YOUR TASK
As you print the data below, keep every line exactly as it is and leave the images behind.

RECORDED DATA

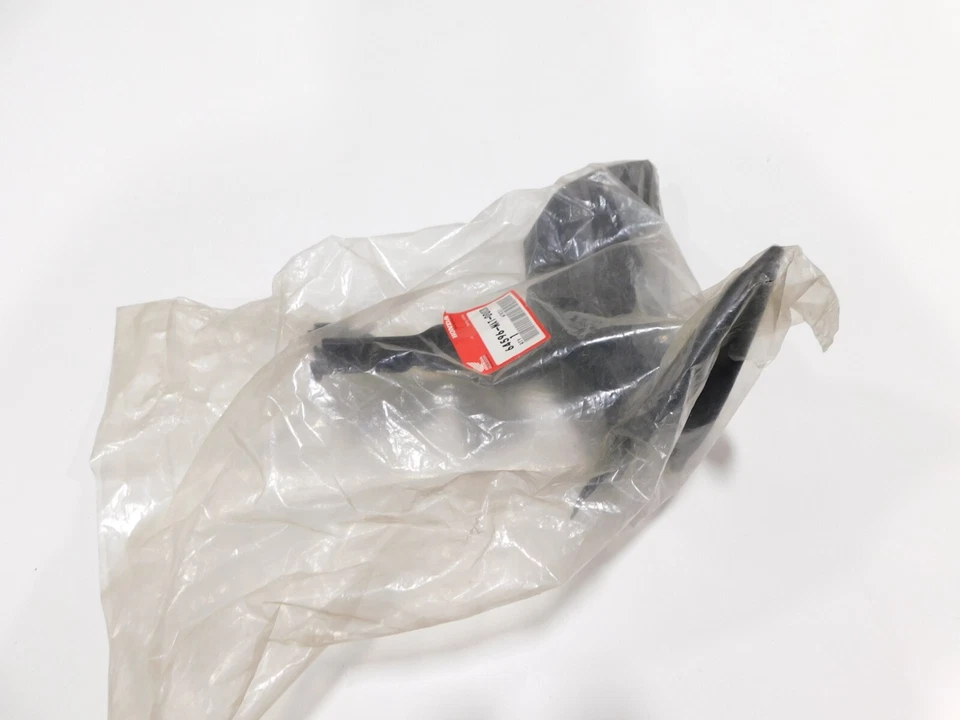 Capucha superior izquierda S58T3 64596-MAT-000ZB nueva Honda CBR1100XX 1997-98 AE Foto 2 de 4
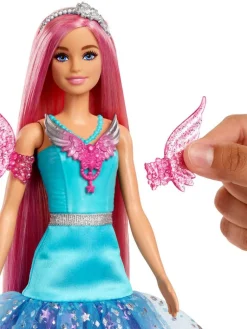 Barbie Nuket Ja Kotileikki|A Touch Of Magic Malibu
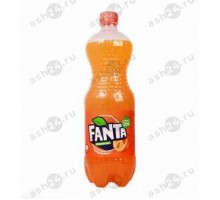 Напиток FANTA 1л пэт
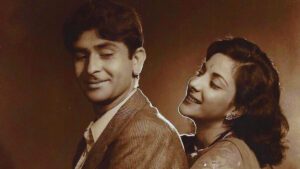 Golden Era With Raj Kapoor.
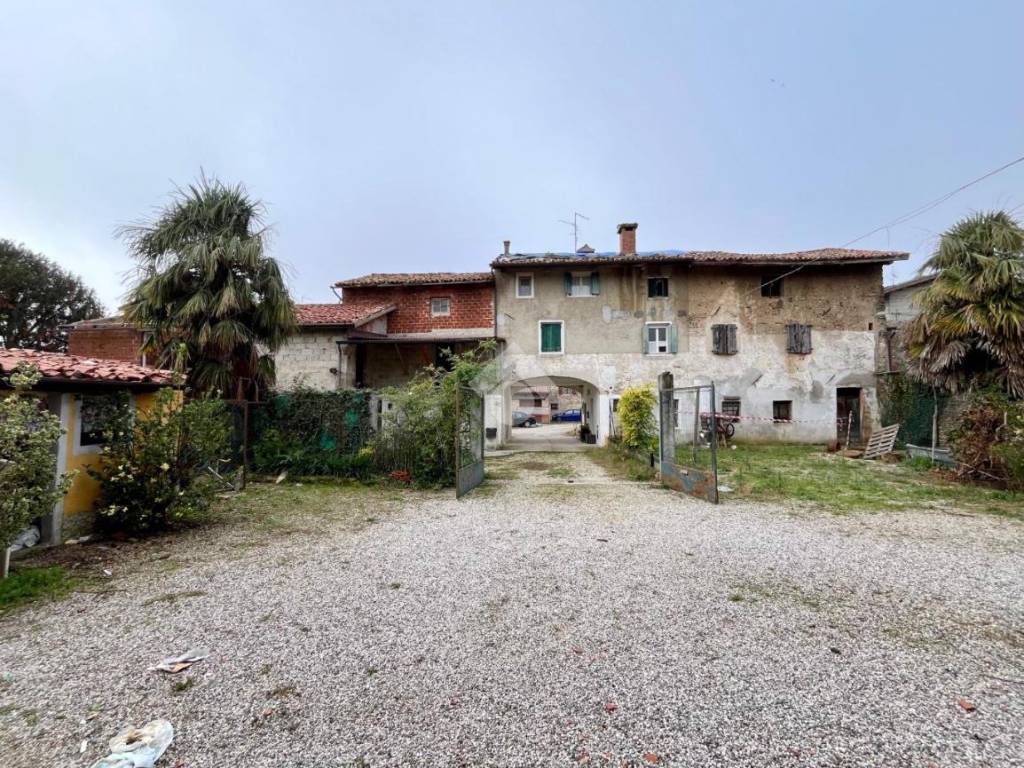 Casa indipendente a Lestizza in Via della Chiesa, 19 - Foto 5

WRITTEN ANSWER
 Capucha superior izquierda S58T3 64596-MAT-000ZB nueva Honda CBR1100XX 1997-98 AE Foto 2 de 4
 Barbie Nuket Ja Kotileikki|A Touch Of Magic Malibu
 Напиток FANTA 1л пэт
 Golden Era With Raj Kapoor.
 Casa indipendente a Lestizza in Via della Chiesa, 19 - Foto 5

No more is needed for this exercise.